Sin embargo, ese auge ya terminó. La región está reduciendo gastos, y la desigualdad, luego de caer en 16 de 17 países estudiados por Messina y Silva en América Latina y el Caribe durante la década del 2000, está en aumento al menos en algunos países.
No parece que haya un estudio que permita hacer comparaciones precisas entre bienestar financiero, enfermedades y mortalidad en Estados Unidos, como en el caso del estudio de Deaton y Case, y la situación en América Latina. Pero hay al menos varios temas preocupantes. Alrededor de 56% de los adultos latinoamericanos tienen sobrepeso o son obesos, una cifra que aumenta a 70% en México, y los pobres están entre las principales víctimas del fenómeno, según un informe de 2014 del Overseas Development Institute. La salud mental y los desórdenes neurológicos, incluyendo depresión, ansiedad y bipolaridad, representan casi un 25% de la carga de la enfermedad (años perdidos debido a la enfermedad) en América Latina, y otra vez los pobres son quienes corren mayores riesgos. Y las tasas de suicidio general en América Latina y el Caribe, aunque son bajas según los estándares globales, parecen estar en aumento.

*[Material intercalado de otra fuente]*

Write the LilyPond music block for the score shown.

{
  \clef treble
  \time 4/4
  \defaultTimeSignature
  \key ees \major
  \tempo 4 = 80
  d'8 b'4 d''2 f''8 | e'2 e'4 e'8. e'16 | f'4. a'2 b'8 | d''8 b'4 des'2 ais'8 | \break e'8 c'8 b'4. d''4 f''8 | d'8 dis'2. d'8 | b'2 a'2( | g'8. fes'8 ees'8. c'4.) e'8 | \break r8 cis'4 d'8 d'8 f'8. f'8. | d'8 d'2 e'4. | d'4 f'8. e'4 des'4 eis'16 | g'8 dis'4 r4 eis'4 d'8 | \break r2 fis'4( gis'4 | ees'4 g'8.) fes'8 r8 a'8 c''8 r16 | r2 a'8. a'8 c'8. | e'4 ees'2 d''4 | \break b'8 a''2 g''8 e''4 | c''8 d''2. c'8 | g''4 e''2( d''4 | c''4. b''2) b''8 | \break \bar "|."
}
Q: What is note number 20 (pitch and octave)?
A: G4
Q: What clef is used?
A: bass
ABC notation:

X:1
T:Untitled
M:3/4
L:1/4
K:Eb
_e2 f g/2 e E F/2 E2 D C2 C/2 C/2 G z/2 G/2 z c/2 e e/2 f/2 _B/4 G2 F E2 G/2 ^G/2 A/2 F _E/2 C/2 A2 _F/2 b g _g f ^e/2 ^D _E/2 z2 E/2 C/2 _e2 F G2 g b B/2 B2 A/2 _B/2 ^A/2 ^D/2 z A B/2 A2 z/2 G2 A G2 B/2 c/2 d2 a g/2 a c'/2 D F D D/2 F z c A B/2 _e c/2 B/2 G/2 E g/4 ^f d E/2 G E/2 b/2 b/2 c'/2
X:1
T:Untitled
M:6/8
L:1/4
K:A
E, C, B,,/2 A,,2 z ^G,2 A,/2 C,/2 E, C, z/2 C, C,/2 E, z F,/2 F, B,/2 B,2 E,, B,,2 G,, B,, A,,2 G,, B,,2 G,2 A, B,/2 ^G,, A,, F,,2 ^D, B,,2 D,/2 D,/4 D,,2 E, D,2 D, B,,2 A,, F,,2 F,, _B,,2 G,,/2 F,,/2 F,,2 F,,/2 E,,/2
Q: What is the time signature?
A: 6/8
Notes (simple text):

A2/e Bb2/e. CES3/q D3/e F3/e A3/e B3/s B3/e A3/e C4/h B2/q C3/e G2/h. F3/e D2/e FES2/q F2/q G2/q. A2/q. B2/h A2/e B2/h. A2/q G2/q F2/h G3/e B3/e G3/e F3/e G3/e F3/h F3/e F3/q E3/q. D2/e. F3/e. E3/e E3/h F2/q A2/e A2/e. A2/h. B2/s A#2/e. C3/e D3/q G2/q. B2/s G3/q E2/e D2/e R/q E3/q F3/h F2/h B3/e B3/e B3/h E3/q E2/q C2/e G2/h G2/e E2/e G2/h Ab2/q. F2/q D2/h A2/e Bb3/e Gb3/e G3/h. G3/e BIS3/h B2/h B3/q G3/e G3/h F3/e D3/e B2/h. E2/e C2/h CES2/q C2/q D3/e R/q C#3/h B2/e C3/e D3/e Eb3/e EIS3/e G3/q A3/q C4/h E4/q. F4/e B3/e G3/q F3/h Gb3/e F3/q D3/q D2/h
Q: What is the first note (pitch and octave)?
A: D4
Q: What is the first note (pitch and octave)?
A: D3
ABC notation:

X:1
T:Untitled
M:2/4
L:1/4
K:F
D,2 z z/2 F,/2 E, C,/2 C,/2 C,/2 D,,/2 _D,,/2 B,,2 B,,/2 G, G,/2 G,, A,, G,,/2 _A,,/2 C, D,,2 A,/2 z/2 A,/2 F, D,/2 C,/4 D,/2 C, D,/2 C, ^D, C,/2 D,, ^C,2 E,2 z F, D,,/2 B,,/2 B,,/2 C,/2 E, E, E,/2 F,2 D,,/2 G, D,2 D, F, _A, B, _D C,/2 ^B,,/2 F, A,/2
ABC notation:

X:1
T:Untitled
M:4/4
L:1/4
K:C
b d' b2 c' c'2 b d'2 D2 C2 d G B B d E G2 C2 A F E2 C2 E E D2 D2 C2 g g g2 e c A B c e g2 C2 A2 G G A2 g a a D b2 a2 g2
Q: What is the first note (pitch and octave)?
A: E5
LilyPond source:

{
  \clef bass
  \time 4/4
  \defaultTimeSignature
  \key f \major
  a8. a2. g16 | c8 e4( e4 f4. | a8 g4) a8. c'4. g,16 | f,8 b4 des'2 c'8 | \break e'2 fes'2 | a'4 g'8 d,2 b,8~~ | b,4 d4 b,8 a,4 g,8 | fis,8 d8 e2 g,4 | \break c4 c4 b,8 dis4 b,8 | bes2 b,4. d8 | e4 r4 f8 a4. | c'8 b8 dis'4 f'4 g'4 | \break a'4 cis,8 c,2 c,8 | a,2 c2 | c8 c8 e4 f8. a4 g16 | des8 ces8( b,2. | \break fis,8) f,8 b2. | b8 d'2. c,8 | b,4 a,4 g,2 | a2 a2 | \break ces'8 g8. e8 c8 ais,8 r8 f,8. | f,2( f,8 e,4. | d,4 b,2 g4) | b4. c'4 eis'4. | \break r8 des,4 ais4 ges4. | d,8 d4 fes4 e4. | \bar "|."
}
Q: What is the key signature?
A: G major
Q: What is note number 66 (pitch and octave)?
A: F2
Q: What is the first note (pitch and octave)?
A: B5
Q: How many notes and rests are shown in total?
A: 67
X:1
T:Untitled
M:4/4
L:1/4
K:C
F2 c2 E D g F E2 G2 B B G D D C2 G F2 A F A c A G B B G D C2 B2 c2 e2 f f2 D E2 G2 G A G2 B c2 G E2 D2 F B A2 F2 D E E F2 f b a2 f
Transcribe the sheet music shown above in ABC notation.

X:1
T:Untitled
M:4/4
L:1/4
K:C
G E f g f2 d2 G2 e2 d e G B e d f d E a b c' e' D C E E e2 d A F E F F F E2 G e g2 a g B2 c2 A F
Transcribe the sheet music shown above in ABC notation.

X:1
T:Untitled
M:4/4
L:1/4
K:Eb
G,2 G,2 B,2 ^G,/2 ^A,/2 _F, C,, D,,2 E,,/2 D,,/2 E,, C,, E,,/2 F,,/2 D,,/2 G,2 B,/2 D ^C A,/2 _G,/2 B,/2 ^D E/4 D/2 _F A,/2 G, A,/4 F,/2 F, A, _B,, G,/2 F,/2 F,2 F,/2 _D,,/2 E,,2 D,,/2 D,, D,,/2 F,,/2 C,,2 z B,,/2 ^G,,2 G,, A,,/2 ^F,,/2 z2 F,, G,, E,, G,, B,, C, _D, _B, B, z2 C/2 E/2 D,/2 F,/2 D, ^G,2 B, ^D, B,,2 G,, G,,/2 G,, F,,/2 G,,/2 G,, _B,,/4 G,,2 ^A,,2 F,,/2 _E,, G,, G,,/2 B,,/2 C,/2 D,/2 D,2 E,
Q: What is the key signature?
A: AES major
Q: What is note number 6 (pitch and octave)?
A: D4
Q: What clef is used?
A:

Quizás los trabajadores que enfrentan épocas difíciles encuentren cierta protección en las sólidas redes familiares típicas de la cultura latinoamericana. Quizás también tengan mayores motivos para sentirse esperanzados. Case y Deaton, por ejemplo, documentan que las tasas de mortalidad en Estados Unidos siguen cayendo entre los hispanos de todos los niveles de ingreso. Quizás esto se deba a que, a diferencia de los blancos, no anhelan una mejor situación económica que supieron disfrutar en el pasado, como sostiene Moisés Naím, un distinguido investigador del Carnegie Endowment for International Peace, en una columna en el diario español El País. Nunca tuvieron un pasado así y sus esperanzas se centran en un futuro que sólo puede ser mejor, dice Naím. Quizás esto sea igual de cierto para los hispanos en Estados Unidos y la clase trabajadora en la mayoría de los países de América Latina.
Entre 1900 y 2010, la expectativa de vida en América Latina y el Caribe aumentó de 29 años a 74 años, sólo cuatro años menos que en América del Norte. Recientemente, los trabajadores de pocas habilidades han conseguido aumentos significativos de ganancias y bienestar en muchos países de la región. De todos modos, los gobiernos deberán estar alerta ante opciones de políticas económicas, sociales y de salud que tengan para asegurar que esos avances sean preservados y que la ansiedad sobre el trabajo en medio de una recesión no se transforme en muertes por desesperación.